SYDNEY, Jan 4 (Reuters) - Global markets were on edge on Friday as dire U.S. economic data slammed Wall Street and pushed investors to bet the Federal Reserve could reverse its policy tightening before the end of this year.

Fears the Sino-U.S. trade battle would drag down world growth roiled risk-sensitive assets in 2018, driving a surge in volatility and sending major stock markets deep into the red.

Those worries found some basis this week as Apple Inc cut its revenue forecast for the first time in nearly 12 years, blaming weaker iPhone sales in China. Its shares crashed nearly 10 percent overnight.

That followed Thursday’s disappointing survey data from the Institute for Supply Management (ISM), which showed U.S. factory activity slowed more than expected in December.

The dismal report drove investors to the safety of bonds. Yields on the two-year Treasuries sank below 2.4 percent to reach parity with the federal funds effective rate for the first time since 2008.

Three- and five-year yields were even lower, an inversion that has sometimes heralded recessions in the past. Yields on 10-year benchmark paper dropped to 2.55 percent, a staggering turnaround from the highs of 3.25 percent seen as recently as November.

The falls kept the dollar on the defensive. The greenback plumbed a more than nine-month low of 105.25 against the safe-haven yen on Thursday, driven by technical factors amid thin holiday trade.

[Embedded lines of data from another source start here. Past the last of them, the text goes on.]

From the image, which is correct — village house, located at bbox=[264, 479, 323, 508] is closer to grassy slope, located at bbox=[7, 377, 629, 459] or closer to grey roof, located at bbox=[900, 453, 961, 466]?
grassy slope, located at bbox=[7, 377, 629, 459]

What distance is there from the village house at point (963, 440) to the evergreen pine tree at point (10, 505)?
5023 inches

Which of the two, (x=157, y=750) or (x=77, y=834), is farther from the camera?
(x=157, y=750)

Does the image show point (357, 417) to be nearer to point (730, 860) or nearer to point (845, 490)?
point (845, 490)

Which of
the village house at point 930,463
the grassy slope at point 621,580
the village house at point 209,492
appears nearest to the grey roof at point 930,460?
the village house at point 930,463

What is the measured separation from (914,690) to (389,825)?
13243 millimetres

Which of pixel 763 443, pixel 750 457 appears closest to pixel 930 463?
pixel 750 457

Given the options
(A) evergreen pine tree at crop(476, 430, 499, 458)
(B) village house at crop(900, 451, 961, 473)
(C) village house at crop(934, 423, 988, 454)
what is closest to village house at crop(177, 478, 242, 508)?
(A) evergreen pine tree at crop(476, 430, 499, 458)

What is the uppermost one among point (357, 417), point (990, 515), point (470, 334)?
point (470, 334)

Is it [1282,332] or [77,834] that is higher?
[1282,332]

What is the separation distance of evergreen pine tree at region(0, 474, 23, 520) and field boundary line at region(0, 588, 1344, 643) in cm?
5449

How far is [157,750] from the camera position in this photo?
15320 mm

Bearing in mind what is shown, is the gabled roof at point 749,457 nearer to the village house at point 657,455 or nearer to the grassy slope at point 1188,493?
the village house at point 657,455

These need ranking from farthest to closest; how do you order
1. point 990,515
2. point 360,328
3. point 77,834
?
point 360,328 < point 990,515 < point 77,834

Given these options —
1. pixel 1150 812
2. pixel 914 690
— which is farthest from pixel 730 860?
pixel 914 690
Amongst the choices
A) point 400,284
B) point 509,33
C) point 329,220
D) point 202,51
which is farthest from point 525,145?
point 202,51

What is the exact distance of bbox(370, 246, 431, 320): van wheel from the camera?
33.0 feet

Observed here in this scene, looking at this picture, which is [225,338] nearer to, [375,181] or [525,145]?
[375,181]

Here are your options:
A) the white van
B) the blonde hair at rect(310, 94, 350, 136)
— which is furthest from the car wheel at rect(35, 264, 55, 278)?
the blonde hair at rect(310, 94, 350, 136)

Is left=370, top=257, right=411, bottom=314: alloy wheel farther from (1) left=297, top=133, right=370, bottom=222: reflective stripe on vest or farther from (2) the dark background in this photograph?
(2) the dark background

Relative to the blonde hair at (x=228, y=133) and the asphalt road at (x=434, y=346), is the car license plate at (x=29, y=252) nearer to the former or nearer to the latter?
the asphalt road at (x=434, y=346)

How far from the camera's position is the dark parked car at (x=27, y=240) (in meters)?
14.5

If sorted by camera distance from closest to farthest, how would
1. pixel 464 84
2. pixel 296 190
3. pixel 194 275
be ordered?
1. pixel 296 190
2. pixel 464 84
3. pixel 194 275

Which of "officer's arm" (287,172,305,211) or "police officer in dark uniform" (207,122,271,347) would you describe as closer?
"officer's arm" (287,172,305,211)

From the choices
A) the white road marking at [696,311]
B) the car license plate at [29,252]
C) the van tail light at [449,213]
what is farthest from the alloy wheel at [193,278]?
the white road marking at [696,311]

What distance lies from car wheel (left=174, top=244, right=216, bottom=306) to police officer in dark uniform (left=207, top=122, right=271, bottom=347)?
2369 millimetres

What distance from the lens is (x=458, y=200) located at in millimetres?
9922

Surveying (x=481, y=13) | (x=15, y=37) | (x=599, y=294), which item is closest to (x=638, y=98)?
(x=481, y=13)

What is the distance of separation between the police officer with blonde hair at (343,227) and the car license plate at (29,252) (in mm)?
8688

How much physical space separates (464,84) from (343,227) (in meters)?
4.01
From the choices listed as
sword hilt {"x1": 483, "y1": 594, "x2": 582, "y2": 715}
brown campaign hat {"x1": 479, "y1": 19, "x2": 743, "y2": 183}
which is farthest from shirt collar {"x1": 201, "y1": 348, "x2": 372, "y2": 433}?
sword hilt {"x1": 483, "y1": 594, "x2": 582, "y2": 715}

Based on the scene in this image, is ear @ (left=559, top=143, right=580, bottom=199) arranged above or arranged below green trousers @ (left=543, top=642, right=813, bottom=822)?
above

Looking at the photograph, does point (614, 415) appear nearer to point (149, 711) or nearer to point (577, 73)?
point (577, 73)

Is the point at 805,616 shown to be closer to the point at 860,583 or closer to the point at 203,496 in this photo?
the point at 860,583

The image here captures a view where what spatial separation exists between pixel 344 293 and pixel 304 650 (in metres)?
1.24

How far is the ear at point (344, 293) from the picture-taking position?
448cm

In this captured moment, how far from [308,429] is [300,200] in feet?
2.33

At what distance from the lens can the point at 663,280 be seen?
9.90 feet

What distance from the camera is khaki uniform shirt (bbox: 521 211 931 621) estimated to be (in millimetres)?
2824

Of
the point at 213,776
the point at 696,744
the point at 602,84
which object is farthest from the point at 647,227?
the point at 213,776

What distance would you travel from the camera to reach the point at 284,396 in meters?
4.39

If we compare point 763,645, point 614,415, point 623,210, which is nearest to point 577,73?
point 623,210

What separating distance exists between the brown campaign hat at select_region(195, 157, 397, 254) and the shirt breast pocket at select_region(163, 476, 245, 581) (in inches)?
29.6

It has fallen more than 2 percent so far this week, the biggest weekly loss since last February. The risk-sensitive Australian dollar hovered near a two-year trough at $0.7005.

“The ISM manufacturing index tumbled more than five points. A drop of this magnitude has only been seen four times since 1980, three of which the economy was in the midst of recession,” said Michelle Girard, U.S. economist at RBS.

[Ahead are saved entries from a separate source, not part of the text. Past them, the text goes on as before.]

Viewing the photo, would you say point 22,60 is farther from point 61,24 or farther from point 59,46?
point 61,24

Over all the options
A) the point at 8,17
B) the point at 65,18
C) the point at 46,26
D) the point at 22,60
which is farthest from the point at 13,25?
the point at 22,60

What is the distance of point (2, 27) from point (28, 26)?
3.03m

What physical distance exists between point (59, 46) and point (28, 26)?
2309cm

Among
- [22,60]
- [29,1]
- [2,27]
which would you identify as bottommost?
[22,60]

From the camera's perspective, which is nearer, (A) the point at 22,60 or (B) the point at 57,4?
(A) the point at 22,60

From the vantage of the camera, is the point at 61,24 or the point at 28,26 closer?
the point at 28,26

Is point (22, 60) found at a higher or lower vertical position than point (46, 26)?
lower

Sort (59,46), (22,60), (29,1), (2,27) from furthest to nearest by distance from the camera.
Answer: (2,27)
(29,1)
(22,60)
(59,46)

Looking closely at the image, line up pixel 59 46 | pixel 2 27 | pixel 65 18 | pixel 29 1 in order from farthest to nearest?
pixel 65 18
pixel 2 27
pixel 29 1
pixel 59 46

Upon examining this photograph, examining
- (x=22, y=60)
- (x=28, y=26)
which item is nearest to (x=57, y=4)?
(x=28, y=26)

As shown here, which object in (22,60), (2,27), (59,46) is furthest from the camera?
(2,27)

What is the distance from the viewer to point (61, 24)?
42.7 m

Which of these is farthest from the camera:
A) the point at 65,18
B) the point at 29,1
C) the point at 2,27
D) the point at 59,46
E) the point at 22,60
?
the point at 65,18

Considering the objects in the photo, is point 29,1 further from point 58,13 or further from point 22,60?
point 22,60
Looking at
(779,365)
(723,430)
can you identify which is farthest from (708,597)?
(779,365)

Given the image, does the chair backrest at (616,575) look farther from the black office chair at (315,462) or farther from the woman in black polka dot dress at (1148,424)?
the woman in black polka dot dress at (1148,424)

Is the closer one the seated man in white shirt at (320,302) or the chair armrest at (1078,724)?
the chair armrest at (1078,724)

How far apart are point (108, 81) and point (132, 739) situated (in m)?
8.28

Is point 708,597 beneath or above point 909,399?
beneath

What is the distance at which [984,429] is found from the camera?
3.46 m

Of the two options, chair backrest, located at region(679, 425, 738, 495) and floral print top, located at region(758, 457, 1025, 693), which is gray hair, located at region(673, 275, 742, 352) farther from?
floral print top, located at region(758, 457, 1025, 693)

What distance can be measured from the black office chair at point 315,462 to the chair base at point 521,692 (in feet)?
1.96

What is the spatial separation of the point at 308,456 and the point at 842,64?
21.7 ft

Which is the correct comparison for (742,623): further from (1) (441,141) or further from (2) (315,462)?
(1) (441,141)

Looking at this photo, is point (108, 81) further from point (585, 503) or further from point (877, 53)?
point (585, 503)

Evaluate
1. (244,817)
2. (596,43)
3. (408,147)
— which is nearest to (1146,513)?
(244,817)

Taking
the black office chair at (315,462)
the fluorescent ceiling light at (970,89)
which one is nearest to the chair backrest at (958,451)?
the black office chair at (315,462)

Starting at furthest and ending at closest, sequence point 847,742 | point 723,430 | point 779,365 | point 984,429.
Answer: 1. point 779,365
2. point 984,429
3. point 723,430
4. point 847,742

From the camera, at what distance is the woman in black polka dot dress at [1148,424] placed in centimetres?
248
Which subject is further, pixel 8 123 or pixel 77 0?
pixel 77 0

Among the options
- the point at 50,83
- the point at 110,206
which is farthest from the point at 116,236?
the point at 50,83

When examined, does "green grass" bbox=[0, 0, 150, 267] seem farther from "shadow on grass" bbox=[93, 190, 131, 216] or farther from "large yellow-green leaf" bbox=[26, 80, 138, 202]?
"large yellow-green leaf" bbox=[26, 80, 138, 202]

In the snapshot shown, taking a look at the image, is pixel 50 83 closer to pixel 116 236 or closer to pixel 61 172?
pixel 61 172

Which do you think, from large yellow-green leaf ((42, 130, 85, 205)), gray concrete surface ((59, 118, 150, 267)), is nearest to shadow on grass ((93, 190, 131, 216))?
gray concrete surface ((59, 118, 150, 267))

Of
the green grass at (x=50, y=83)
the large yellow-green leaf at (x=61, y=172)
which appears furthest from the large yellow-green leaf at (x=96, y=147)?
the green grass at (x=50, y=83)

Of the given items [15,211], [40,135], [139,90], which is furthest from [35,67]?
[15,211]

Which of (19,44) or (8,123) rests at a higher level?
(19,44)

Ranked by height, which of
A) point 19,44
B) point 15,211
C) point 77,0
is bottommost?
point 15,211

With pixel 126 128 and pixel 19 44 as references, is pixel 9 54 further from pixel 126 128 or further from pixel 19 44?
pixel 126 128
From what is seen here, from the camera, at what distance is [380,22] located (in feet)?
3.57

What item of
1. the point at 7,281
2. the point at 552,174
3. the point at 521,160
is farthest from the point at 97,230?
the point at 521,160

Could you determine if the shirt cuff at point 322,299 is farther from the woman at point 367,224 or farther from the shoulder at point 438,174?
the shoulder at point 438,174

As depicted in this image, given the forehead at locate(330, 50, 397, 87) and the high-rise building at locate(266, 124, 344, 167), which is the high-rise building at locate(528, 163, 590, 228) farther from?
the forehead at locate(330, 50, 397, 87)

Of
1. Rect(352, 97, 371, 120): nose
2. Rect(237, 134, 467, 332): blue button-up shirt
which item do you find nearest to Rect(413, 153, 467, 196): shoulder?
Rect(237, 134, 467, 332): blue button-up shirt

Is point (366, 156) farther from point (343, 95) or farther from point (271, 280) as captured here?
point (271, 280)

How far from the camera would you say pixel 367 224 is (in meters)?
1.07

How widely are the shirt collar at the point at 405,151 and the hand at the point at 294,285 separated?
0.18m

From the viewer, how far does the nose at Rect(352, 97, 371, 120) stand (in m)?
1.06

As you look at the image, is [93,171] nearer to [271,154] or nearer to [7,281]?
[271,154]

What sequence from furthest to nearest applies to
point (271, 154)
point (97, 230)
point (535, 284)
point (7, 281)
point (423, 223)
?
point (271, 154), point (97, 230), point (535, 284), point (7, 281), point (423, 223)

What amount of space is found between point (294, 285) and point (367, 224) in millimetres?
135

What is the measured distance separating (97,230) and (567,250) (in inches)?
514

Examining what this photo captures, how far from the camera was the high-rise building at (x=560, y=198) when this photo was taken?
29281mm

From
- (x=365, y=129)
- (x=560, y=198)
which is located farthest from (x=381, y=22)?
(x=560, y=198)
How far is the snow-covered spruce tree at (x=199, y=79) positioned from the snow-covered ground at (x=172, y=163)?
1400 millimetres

“The ISM has a long track-record and big moves often prove to be meaningful. The December drop therefore gives pause, even to us economic optimists,” Girard added.

“Now...a closely-watched indicator is flashing yellow, putting ourselves, and likely the U.S. Federal Reserve, on higher alert.”

The Fed had raised rates a total six times through 2017 and 2018 to 2.00-2.25 percent as the U.S. economy galloped ahead, the jobless rate dived and inflation showed signs of picking up.

Investors had initially expected the policy tightening to continue through this year but the ongoing trade war and recent disappointing corporate earnings have put those expectations to rest.

The interest rates futures market also reacted sharply on Thursday with the December Fed funds contract surging 18 ticks to 97.77, implying a cash rate of just 2.23 percent. A couple of months ago, it was pricing in a rate of 3 percent.

Investors now see rates at 2.00 percent by the middle of next year.

“Whether this pessimism continues for the rest of 2019 will largely depend on whether there is a near-term resolution to the trade war,” said Tapas Strickland, markets strategist for National Australia Bank.

“Some sort of truce should be more likely given recent market developments – data including the ISM suggests both China and the US will slow in 2019, effectively giving (the United States and China) little choice but to seek a truce.”

Concerns about a U.S. recession whacked Wall Street overnight, with the Dow skidding 2.8 percent, the S&P 500 down 2.5 percent and Nasdaq losing more than 3 percent.

MSCI’s gauge of stocks across the globe shed 1.4 percent on Thursday.

Keeping with the risk-off theme, gold prices hit a 6-1/2-month peak of $1.294.88 an ounce.